During a conference not long ago, I listened to a panel of crane rental company owners talking about how crane rental rates have essentially stagnated. Equipment and labor costs have gone up, they said, as have just about every other business cost, but the primary driver of revenue for a crane company—the crane’s rental rate, which can be hourly, daily, weekly, or monthly—hasn’t.
My interest was piqued and I wanted to learn more, so I reached out to a few people and asked if they agreed—and, if so, what they thought the reason was. The answers were interesting.
Not everyone I spoke to shared the sentiment of the panelists. One person said that over the last ten years, they did indeed increase rates on most cranes, on average, about 12.5%. The exceptions were on the smallest and largest cranes in the fleet, which stayed fairly consistent. This rate consistency was attributed primarily to increased competition at both ends of the spectrum.

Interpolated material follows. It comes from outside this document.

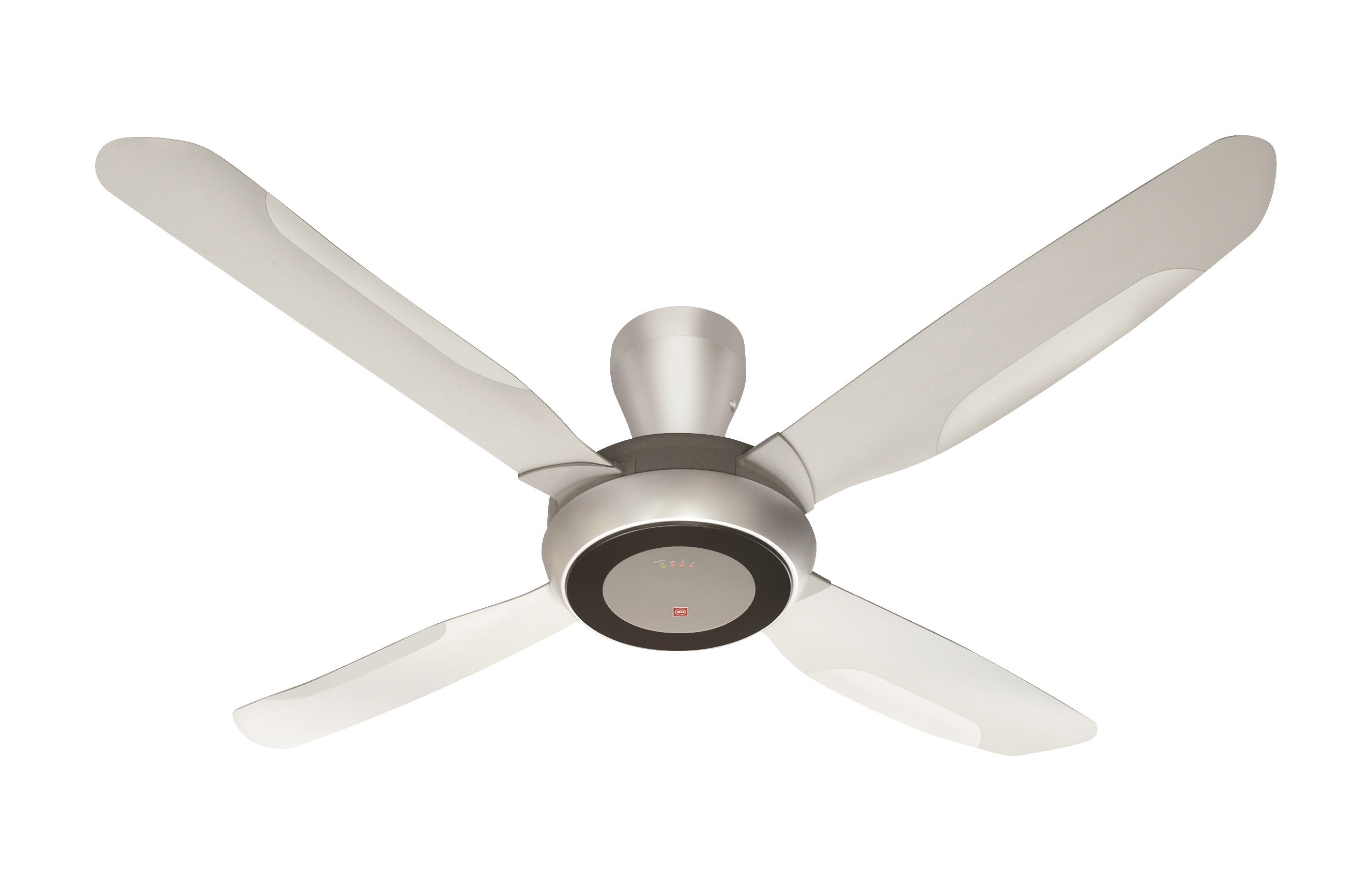Kdk 4 Blade Ceiling Fan With Remote R56sv Fans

On the other hand, one person who did agree with the panelists said that they believed the stagnation was, at least in part, due to the fact that crane rental services are commodified, so specialization—and the higher rates that specialization commands—is hard to achieve.
Yet another person pointed out that crane renters aren’t actually interested in renting a crane; rather, they’re interested in lifting something from one place to another and the modality doesn’t matter to them. (This reminds me of legendary Harvard Business School marketing professor Theodore Levitt’s quote, “People don’t want to buy a quarter-inch drill. They want a quarter-inch hole!”)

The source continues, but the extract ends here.